On the ImageNet full set, we apply EraseReLU to two models, ResNet-152 and ResNet-200. To ensure a fair comparison, we adopt the public Torch implementation for ResNet

444 and only replace the model definition by the model applying our EraseReLU. Therefore, all other factors are eliminated, such as data pre-process and data argumentations. We keep all the experiment settings the same as those used for ResNet. For both ResNet-152 and ResNet-200, we use the EraseReLU with the proportion of 50%. EraseReLU improves the ResNet-152 on ImageNet dataset by 0.6% top-1 accuracy. For ResNet-200, we achieve 21.4% top-1 accuracy outperforming the original one about 0.4%. The ResNet-200 with EraseReLU also outperforms than the Pre-act ResNet-200, which is an improved version of ResNet.
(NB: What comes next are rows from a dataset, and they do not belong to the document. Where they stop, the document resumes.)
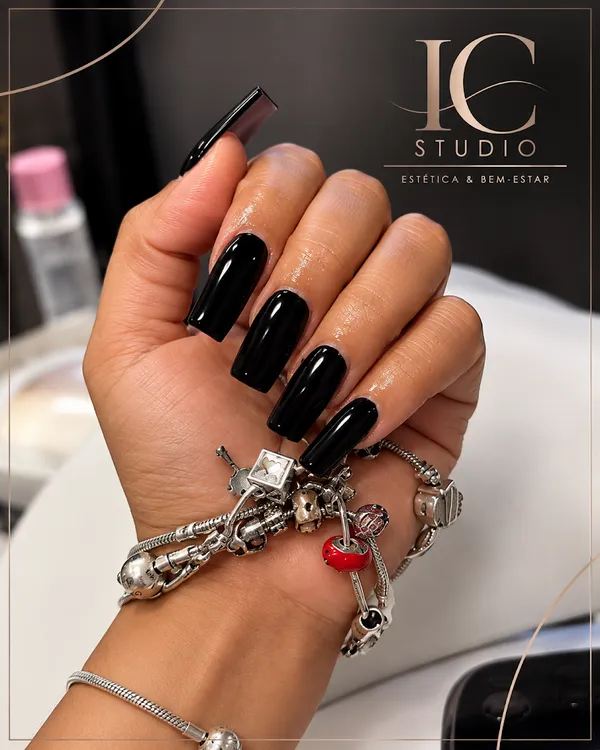 Mão com unhas de gel compridas em preto brilhante, com acabamento quadrado, feitas no IC Studio
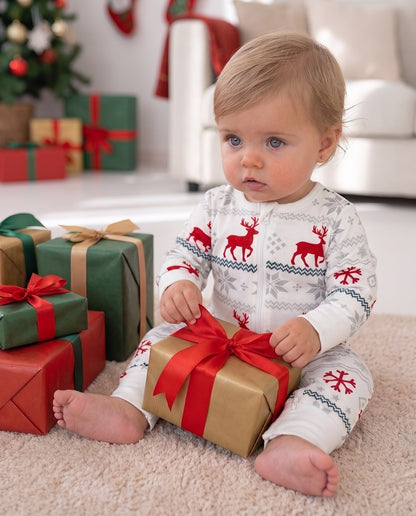 Cute Baby Girl opening a present at Christmas Time in LUXE Nordic romper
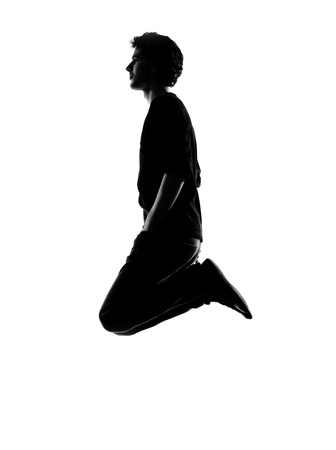 young man funny jumping silhouette in studio isolated on white backgroundの写真素材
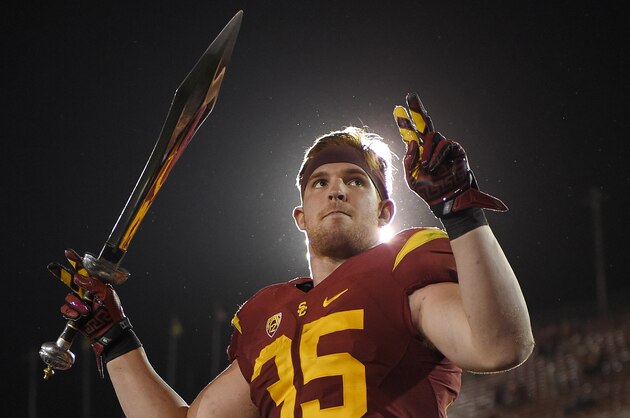 Southern California linebacker Cameron Smith directs the USC Marching Band after Southern California defeated Utah 42-24 in an NCAA college football game, Saturday, Oct. 24, 2015, in Los Angeles. (AP Photo/Mark J. Terrill)
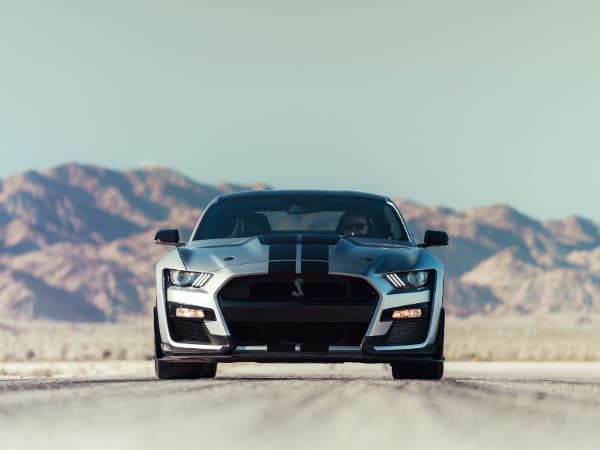 2020 Ford Mustang A silver 2020 Ford Mustang driving down an open road away from the mountains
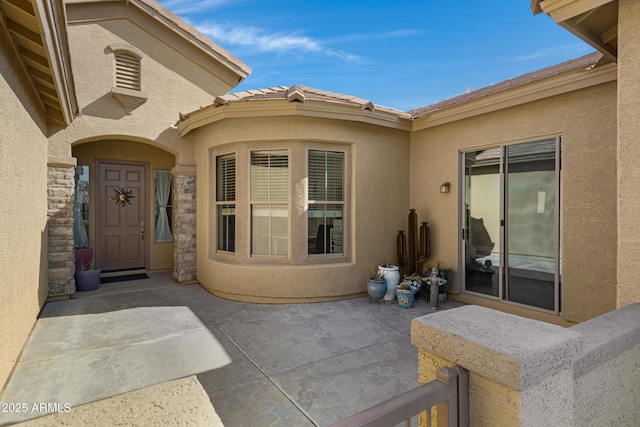 entrance to property with a patio area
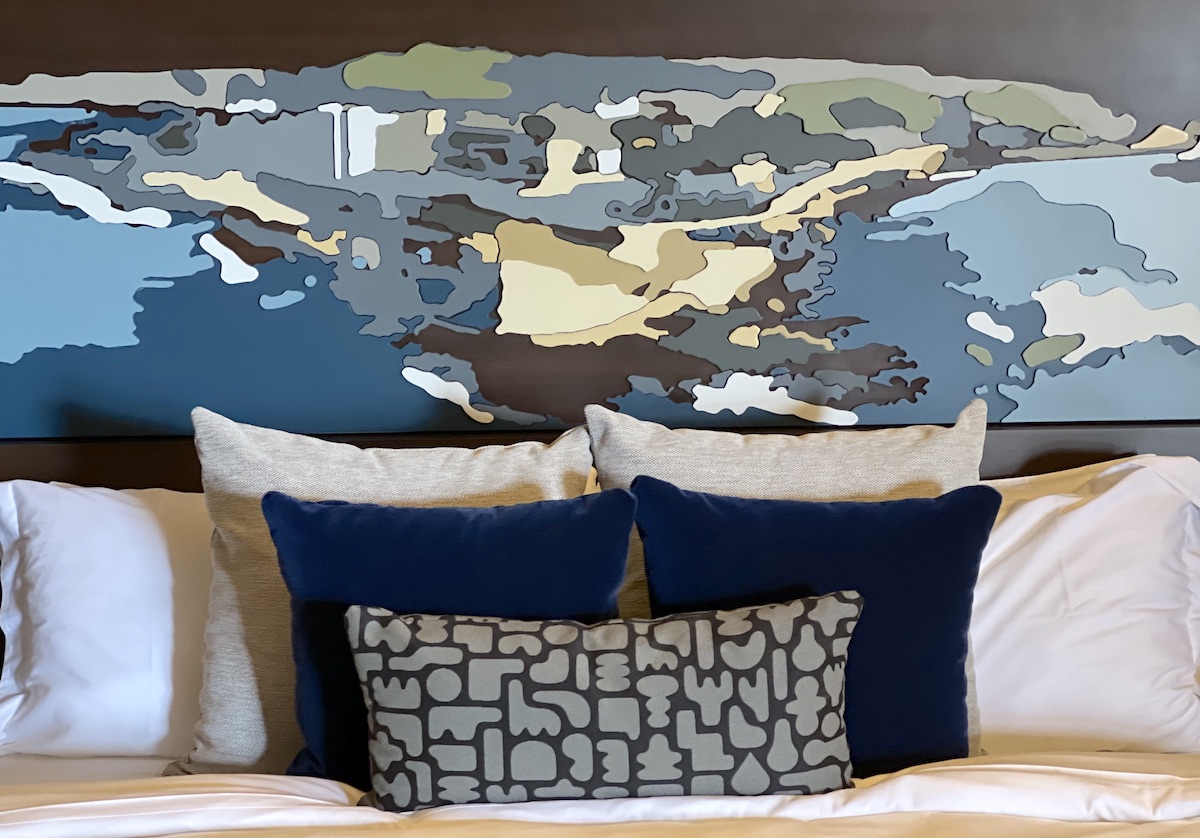 Styled hotel bed with layered white and navy pillows beneath an abstract coastal-inspired wall art headboard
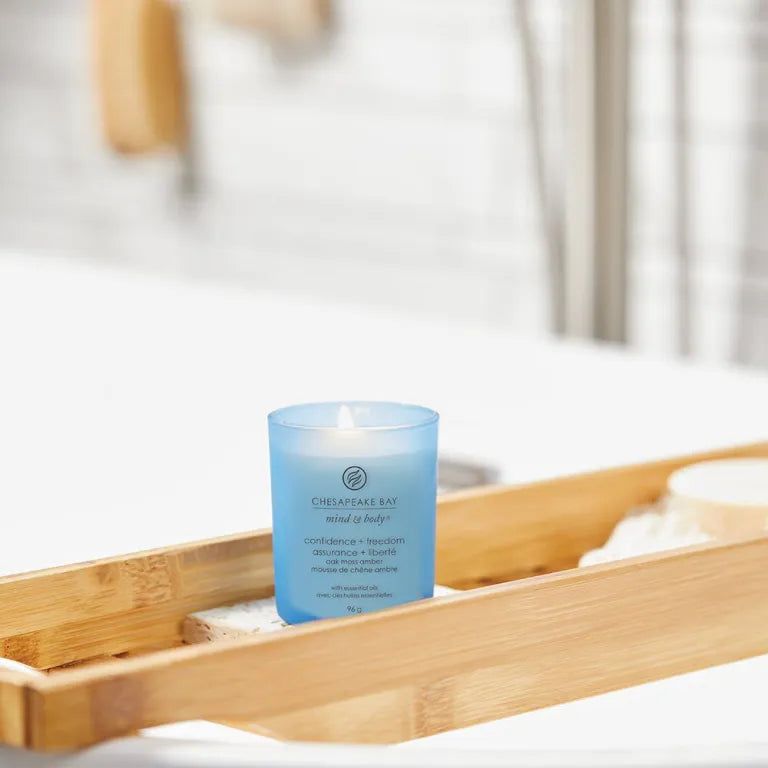 Bougie bleue Chesapeake Bay, Confiance + liberté, sur un plateau en bois dans une salle de bain. Inscription Mind & Body.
We demonstrate EraseReLU can improve deep models in the large-scale dataset. We do not apply EraseReLU to more sophisticated models on ImageNet because it needs much more hardware resources, which is unaffordable for us. All the compared models in experiments are the state-of-the-art CNN architectures, which have been optimized by many researchers and validated by many systems/papers. It is not easy to remove their components. If one removes a layer or a component arbitrarily, the performance will drop significantly.

Sample Ratio 10% 20% 30%
ResNet-50 top-1 47.60 36.76 31.11
top-5 23.68 15.65 11.65
ResNet-50 with ER top-1 46.18 36.42 31.10
top-5 23.20 14.99 11.64
Table 3: Top-1 and top-5 error rate on ImageNet validation subsets using different number of training images. 10%, 20% and 30% indicates ImageNet-10%, -20% and -30%, respectively. For EraseReLU on ImageNet-10% and -20%, we use the proportion of 100%. For ImageNet-30%, we use the proportion of 25%.
ModelError top-1(%) top-5(%)
ResNet-152 22.2 6.2
ResNet-152 with ER 21.6 5.8
ResNet-200 21.8 6.1
Pre-act ResNet-200 21.7 5.8
ResNet-200 with ER 21.4 5.8
Table 4: Top-1 and top-5 error rate on ImageNet full validation set. We compare various residual models with and without EraseReLU. We use the proportion of 100% for EraseReLU on ResNet-152 and Pre-act ResNet-200, referred as “ER”. They are evaluated on the ImageNet validation set. We only use single-crop for testing with image size. indicates results run by ourselves.

5 Conclusion

In this paper, we investigate the effect of erasing ReLUs in deep CNN architectures following deterministic rules. We find two key factors to performance improvement: 1) the location where the ReLU should be erased inside the basic module; 2) the proportion of modules to erase ReLU. By leveraging these two factors, we propose a simple but effective approach to improve CNN models, named “EraseReLU”. It can lead to a non-negligible improvement of classification performance because its effectiveness in easing the optimization and regularizing the training of deep neural networks. Our approach improves the classification performance beyond various CNN architectures, such as ResNet, Pre-act ResNet, Wide ResNet and ResNeXt. Most of them achieve a much higher performance while having the same computation cost compared to the original models. We obtain more than 2% absolute accuracy improvement on CIFAR-100 compared to the Pre-act ResNet-1001. Our approach also leads 0.6% accuracy improvement on the large-scale dataset ImageNet compared to ResNet-152.